Problem requirements:
Beginning at the line that contains "Sinus sagittalis superior im MRI.", repeat each line exactly through the last one of the records below, and leave out the pictures.

Given data:
Start of Block

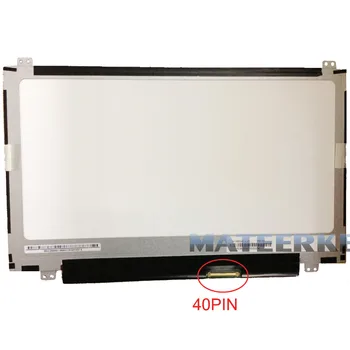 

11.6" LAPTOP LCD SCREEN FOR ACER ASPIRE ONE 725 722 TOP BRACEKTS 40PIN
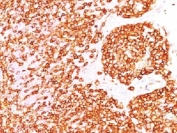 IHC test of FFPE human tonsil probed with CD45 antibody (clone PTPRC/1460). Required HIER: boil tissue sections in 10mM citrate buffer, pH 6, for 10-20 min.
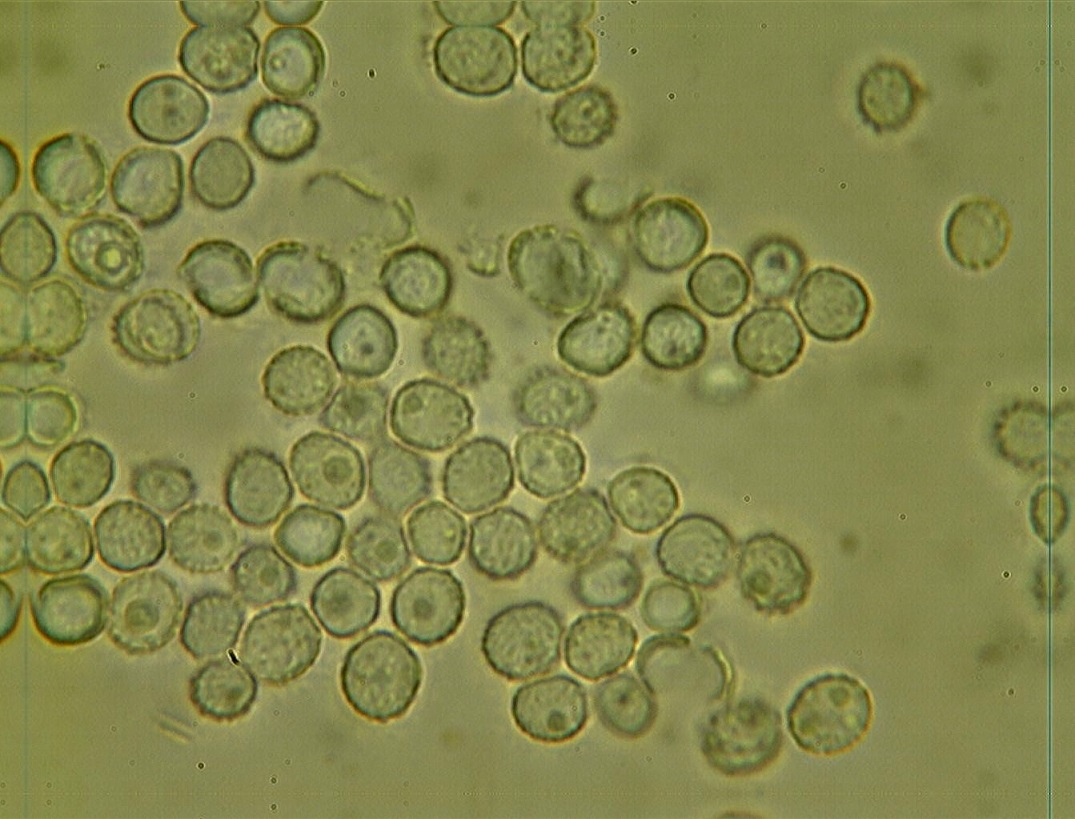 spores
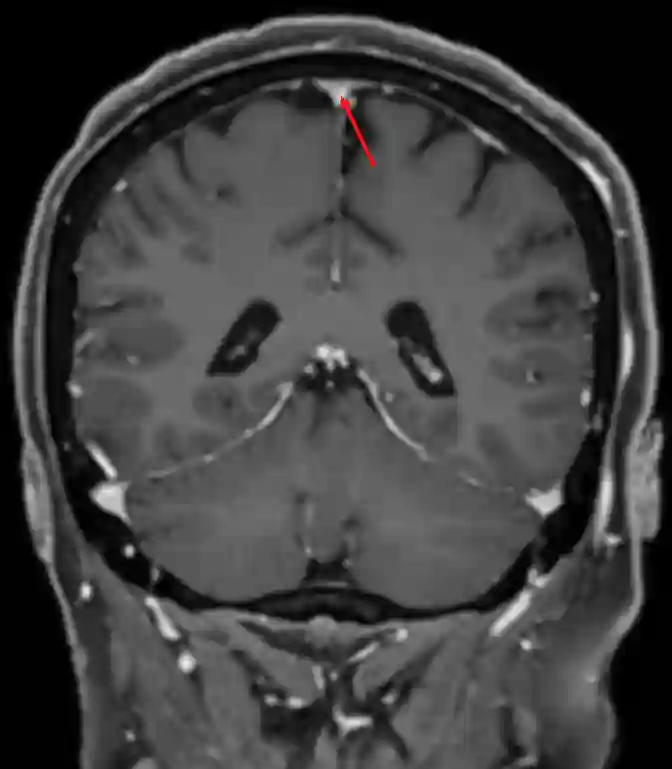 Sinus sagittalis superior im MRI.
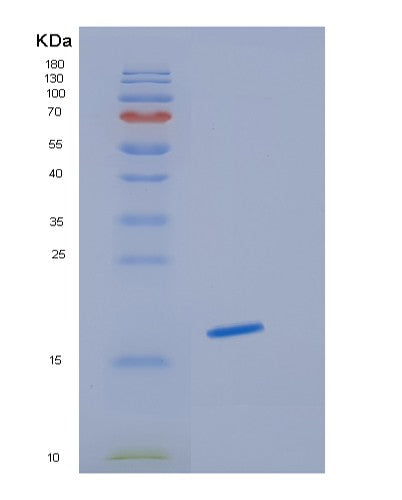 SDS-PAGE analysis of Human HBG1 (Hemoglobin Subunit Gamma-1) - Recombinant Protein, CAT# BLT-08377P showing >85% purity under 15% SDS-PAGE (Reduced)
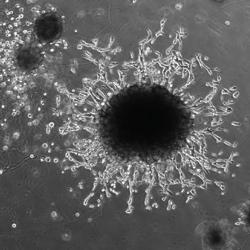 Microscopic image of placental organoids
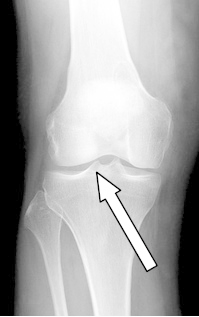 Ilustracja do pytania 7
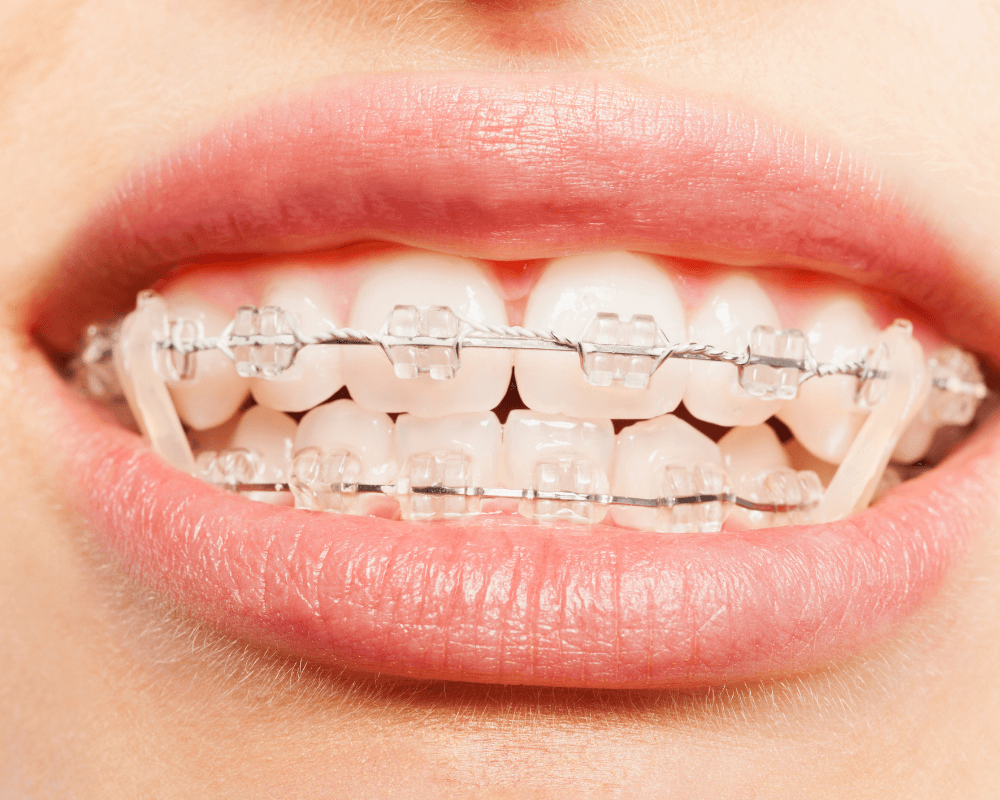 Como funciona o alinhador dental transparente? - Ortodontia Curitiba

End of Block

Written solution:
 Sinus sagittalis superior im MRI.
 SDS-PAGE analysis of Human HBG1 (Hemoglobin Subunit Gamma-1) - Recombinant Protein, CAT# BLT-08377P showing >85% purity under 15% SDS-PAGE (Reduced)
 Microscopic image of placental organoids
 Ilustracja do pytania 7
 Como funciona o alinhador dental transparente? - Ortodontia Curitiba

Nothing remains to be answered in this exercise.